Sony plant eigene Krypto-Zahlung für PlayStation und das Timing ist ziemlich brisant
Sony macht den nächsten Schritt in Richtung komplett digitale Zukunft. Diesmal geht es nicht um Discs, Konsolen oder (gekündigten) PlayStation-Plus-Abos, sondern um Geld. Genauer gesagt: um einen eigenen Dollar-Stablecoin, mit dem Kunden künftig digitale Inhalte im Sony-Ökosystem bezahlen könnten.
Wie Yahoo Finance (via Destructoid) berichtet, hat die Sony Bank, eine Onlinebank innerhalb der Sony-Finanzsparte, eine wichtige regulatorische Hürde in den USA genommen. Die Bank hat eine bedingte Genehmigung der „Office of the Comptroller of the Currency“ erhalten, um eine neue US-Tochter namens „Connectia Trust“ aufzubauen. Genau diese Gesellschaft soll später einen an den US-Dollar gebundenen Stablecoin ausgeben und verwalten.

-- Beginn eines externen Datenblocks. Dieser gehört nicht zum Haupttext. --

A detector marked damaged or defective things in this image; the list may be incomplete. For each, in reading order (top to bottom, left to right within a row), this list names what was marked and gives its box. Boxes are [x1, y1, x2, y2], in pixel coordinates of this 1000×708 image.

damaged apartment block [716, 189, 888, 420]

Das klingt erstmal nach einem Finanzthema, das weit weg von PlayStation ist. Ist es aber nicht. Denn laut Berichten soll Sony genau diesen Stablecoin künftig für digitale Inhalte nutzen wollen. Dazu zählen etwa Spiele, Filme, Anime, Abos und andere Inhalte innerhalb des Sony-Ökosystems.
Was ist ein Stablecoin überhaupt?
Ein Stablecoin ist vereinfacht gesagt eine Kryptowährung, die an einen stabilen Wert gekoppelt ist. In diesem Fall geht es um einen US-Dollar-Stablecoin. Ein Token soll also möglichst den Wert von einem US-Dollar abbilden. Das ist ein großer Unterschied zu Bitcoin oder anderen Kryptowährungen, deren Kurse stark schwanken können. Für Sony wäre so ein System vor allem aus einem Grund spannend: Zahlungen könnten direkter laufen. Kreditkartenanbieter verlangen Gebühren. Wenn Sony künftig einen Teil der digitalen Käufe über ein eigenes Zahlungssystem abwickelt, könnte der Konzern diese Kosten reduzieren.

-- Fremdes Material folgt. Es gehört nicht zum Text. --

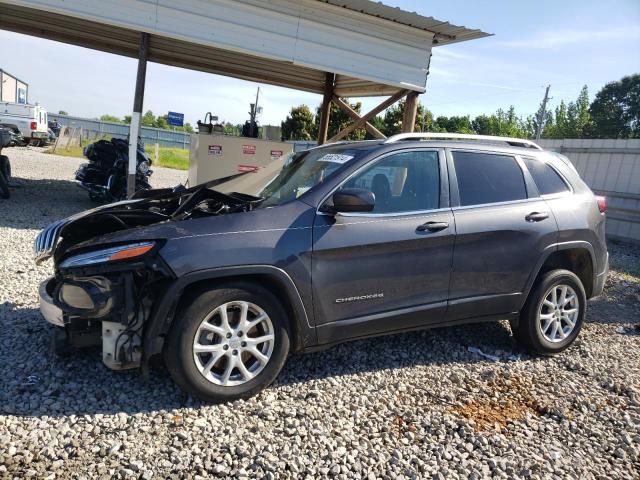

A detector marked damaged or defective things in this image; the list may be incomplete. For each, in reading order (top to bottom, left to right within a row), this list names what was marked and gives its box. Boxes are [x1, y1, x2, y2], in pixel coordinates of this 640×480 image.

broken headlight assembly [58, 242, 156, 268]
damaged front end [33, 178, 260, 370]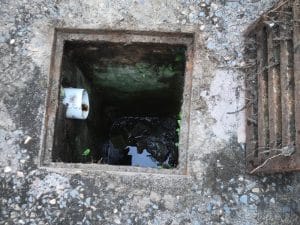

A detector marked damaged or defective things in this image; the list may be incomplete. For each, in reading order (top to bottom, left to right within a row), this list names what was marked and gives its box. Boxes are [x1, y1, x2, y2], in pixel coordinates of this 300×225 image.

rusted metal frame [278, 3, 296, 148]
rusty metal bar [278, 4, 296, 148]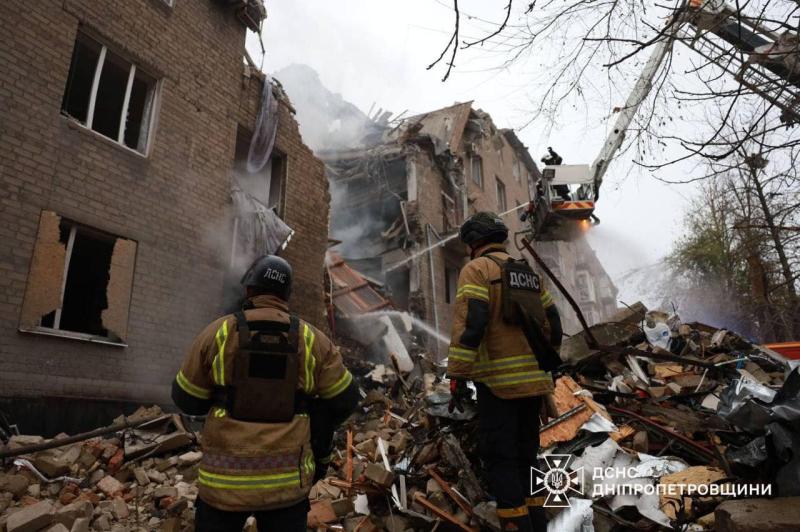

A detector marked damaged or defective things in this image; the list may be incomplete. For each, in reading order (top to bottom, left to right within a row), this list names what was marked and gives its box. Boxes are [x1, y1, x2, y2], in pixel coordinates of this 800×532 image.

broken window [61, 31, 157, 153]
damaged wall [0, 0, 324, 404]
broken window [19, 210, 138, 342]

Genau deshalb ist das Thema für PlayStation wichtig. Der PlayStation Store ist längst nicht mehr nur ein Shop für Spiele. Er ist ein riesiger digitaler Marktplatz für Vollversionen, DLCs, Mikrotransaktionen, Abos und Ingame-Währungen. Wenn Sony dort eigene Zahlungswege kontrolliert, geht es nicht nur um Komfort. Es geht um Kontrolle.
Noch ist das kein fertiger PlayStation-Coin, aber…
Wichtig ist aber: Das ist noch kein fertiges Produkt, das morgen im PlayStation Store auftaucht. Die Genehmigung ist nur bedingt. Connectia Trust darf also nicht sofort Stablecoins ausgeben. Dafür braucht es noch weitere Freigaben, darunter die finale Genehmigung der US-Behörden. Der Start ist angeblich frühestens für 2027 geplant.
Für dich heißt das: Noch kannst du im PlayStation Store nicht mit einem Sony-Stablecoin bezahlen. Aber Sony baut sichtbar die Grundlage dafür.
Was daran besonders ist?
Das Timing ist bemerkenswert. Sony steht ohnehin wegen seiner digitalen Strategie in der Kritik. Erst kürzlich sorgte die Ankündigung für Ärger, dass neue PlayStation-Spiele ab 2028 nicht mehr auf Disc erscheinen sollen. Viele Fans sehen darin einen weiteren Schritt weg vom echten Besitz und hin zu einem komplett kontrollierten digitalen Ökosystem.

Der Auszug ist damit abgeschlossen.